*Exercise instructions*
Everything from the line containing "کلینیک تخصصی دامپزشکی دی" to the last line of the listing below should be restated exactly, both ends included, with nothing added and the pictures omitted.

*Data*
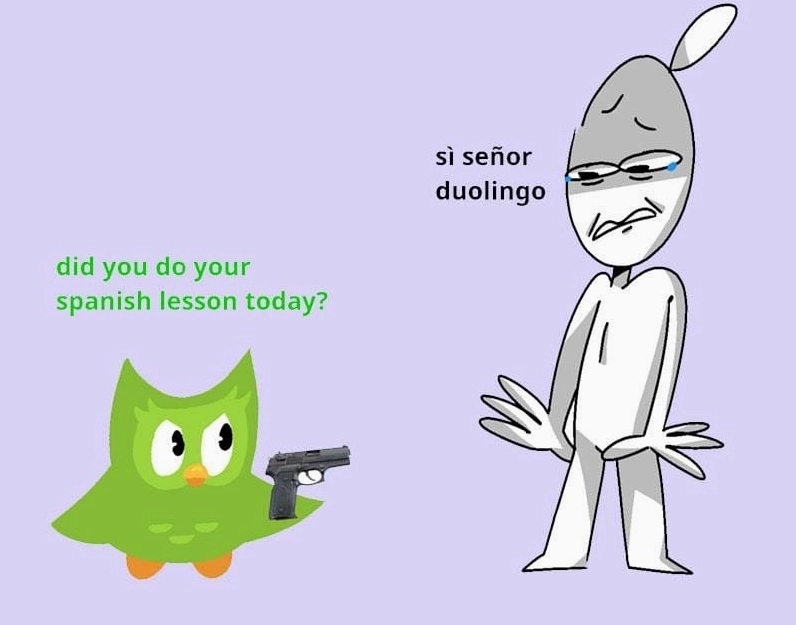 Bộ sưu tập ảnh duolingo meme bá đạo khiến bạn cười nghiêng ngả 1 Tìm hiểu sức hút của Duolingo meme qua góc nhìn hài hước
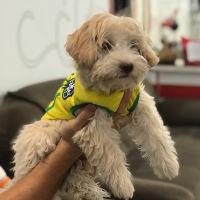 کلینیک تخصصی دامپزشکی دی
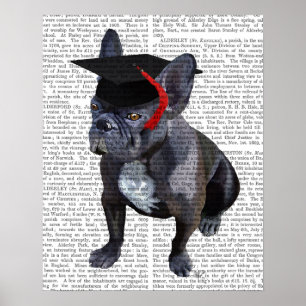 Afstuderen French Bulldog Poster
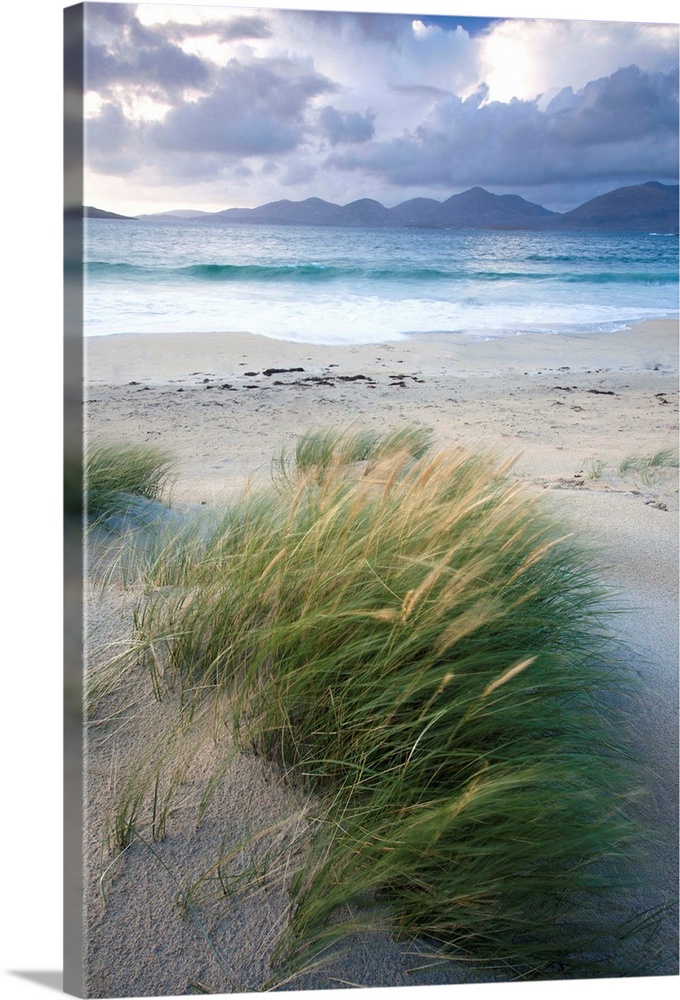 Beach at Luskentyre with dune grasses blowing, Outer Hebrides, Scotland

*Output for this task*
 کلینیک تخصصی دامپزشکی دی
 Afstuderen French Bulldog Poster
 Beach at Luskentyre with dune grasses blowing, Outer Hebrides, Scotland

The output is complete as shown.